# Safewords/Cowardice



## RandomDude (Dec 18, 2010)

I'm much better now in terms of getting over the revelation that my STBX has already moved on. Still, I need to ask this question, even if I may not even believe the answers. It's tough for me, but it haunts me from time to time. I want to let it go as well but I have to come to peace with it.

Tell me, let's say you enjoy BDSM play, and your husband offered to do so to make you happy. However, he starts feeling uncomfortable, and asks to be released, evoking safewords - even though you haven't done anything wrong. How would you feel? Would his lack of trust in you hurt that much? And what would you think of him? Would you consider his actions cowardly?

Be honest please, hell even PM me if you don't want to answer publicly, thanks


----------



## EnjoliWoman (Jul 2, 2012)

I'm guessing if I were into that I might be disappointed - I don't know that I'd see it as a lack of trust so much as you just not being into that. Then again I've never ventured into that arena.


----------



## RandomDude (Dec 18, 2010)

Just disappointment? Nothing more? You wouldn't think negative of him in any way? =/


----------



## Starstarfish (Apr 19, 2012)

Well - imagine it in the reverse. 

You really like BJs, to make you happy, your wife agrees to give one. However at some point she says "Yeah, sorry, can't do this anymore" and stops. As pointed out there would be disappointment. 

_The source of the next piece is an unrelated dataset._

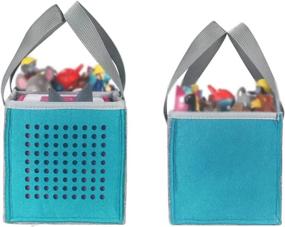 img 1 attached to Premium Felt Organizer Case - Blue Toniebox Storage Bag for Starter Set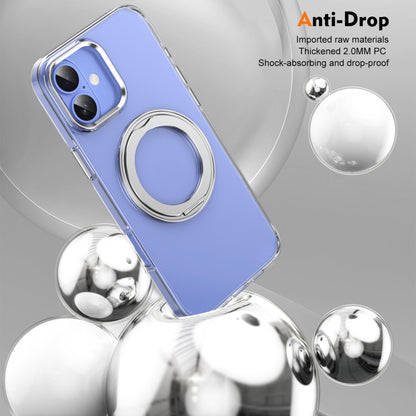 For iPhone 16 Plus Ice-Cold Rotating Ring Holder PC MagSafe Phone Case(Silver) - iPhone 16 Plus Cases by buy2fix | Online Shopping UK | buy2fix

What other feelings would crop up?


----------



## bailingout (Jan 25, 2013)

As I am not into BDSM, I am only speculating on how I would feel in this scenario.

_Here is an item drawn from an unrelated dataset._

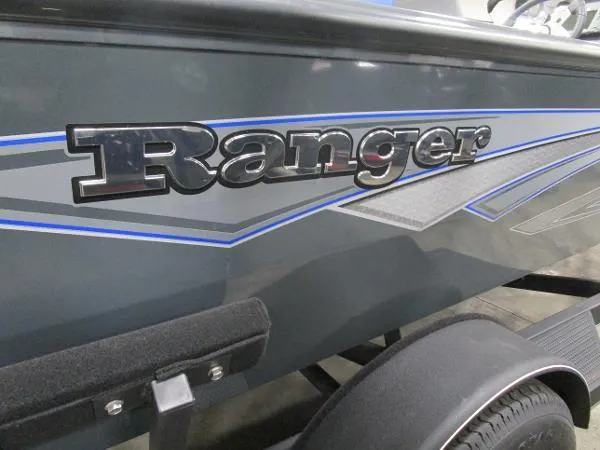 Slide: The Image of 2024 Ranger VS1682SC Angler boat with sleek design and bold logo. - 0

Yes I could see myself feeling disappointed. 

I can't see myself feeling "hurt" by his lack of trust or have any negative feelings about him or view him as cowardly. 

In my case I think if I felt "hurt" or viewed him cowardly or negatively for wanting to stop, I would imagine it would come from my own selfishness.


----------



## RandomDude (Dec 18, 2010)

> You really like BJs, to make you happy, your wife agrees to give one. However at some point she says "Yeah, sorry, can't do this anymore" and stops. As pointed out there would be disappointment.


And there would be a "WTF"...

I'm just concerned based on her accusations that I was a "wimp", she took it back sure but she surely meant it at the time. I still backed out of a challenge. Sure if I had given in, I would have run the risk of getting tortured (again), or we would have had a breakthrough night where I could have learnt to trust her, and where she could have realised that I did care about us.

Making a big deal about this has cost me my marriage, and my STBX was right that she did let me go without drama, eventually. So, this haunts me I guess. "Did my fear play a part in all this mess?", that's the question that is circling my head at the moment.

Regardless tomorrow morning I'll probably laugh myself back to sanity and forget about this.


----------



## SomedayDig (Jul 17, 2012)

LOL. Where do you come up with this stuff Dude?!

Please, laugh yourself back to sanity


----------



## RandomDude (Dec 18, 2010)

I will tomorrow morning lol

But nah, while I'm at it I might as well get rid of this haunting question before I laugh it off. It'll just go back to the back of my brain only to come out again later on.


----------



## lifeistooshort (Mar 17, 2013)

I don't understand how anyone is obligated to do something that makes them very uncomfortable, and a partner that demands that is selfish, imo. Also, in asking that they "trust" you even after they've tried something they don't want for you, you've decided that your judgment is superior. The thing is that what's acceptable to you might not be acceptable to your partner, so why do you get to force your judgment, esp since they're the one dealing with it? We like some spanking but my hb can hit really hard, but since he doesn't know how it feels to me and I ask him to stop because it hurts, does that mean I don't trust him? Why should I leave that to him, he doesn't know how I feel. So on one hand you can't be expected to read minds and know what someone wants, but then you should be able to try to read their mind when doing something you like? Or if it's something you want then too bad and it shouldn't bother then? If I knew my partner was going to demand I trust them without giving me a way out I'd be disinclined to try anything.
_Posted via Mobile Device_


----------



## RandomDude (Dec 18, 2010)

Nevermind... might as well bury this thought.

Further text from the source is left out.